Figures from the Tourism Ministry showed that Siem Reap Angkor welcomed about 970,000 foreign tourists from January to April this year, a 7.4 decrease compared to the same period last year.
Mr Sengkak said the downfall in the number of tourists were the result of tourists focusing on other destinations, noting that the country has many favourable tourism destinations.
Tourism Minister Thong Khon has previously called for the cooperation between public and private sectors to create new tourist attractions in Siem Reap province.
Speaking during a meeting with public officials in April, Minister Khon said that, in addition to the Angkor Archaeological Park, the province needs more tourism sites to make tourists stay longer.

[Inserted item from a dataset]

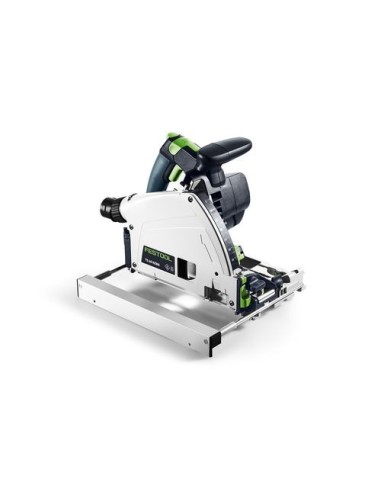 Festool Battuta parallela PA-TS 60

He said that the province has limited sites to offer tourists.
“The public and private sector have to unite to establish more tourism products and resorts that can satisfy demand for entertainment among tourists as well as attract more tourists and make them stay longer,” Mr Khon said.
Chhay Sivlin, president of the Cambodia Association of Travel Agents, last week agreed, saying that the province has a limited number of tourism options. Many people do not know where to go after visiting the temples, she noted.
“Having more tourist attractions means that tourists will stay longer in the province which will benefit the local people and the tourism sector in general,” she said.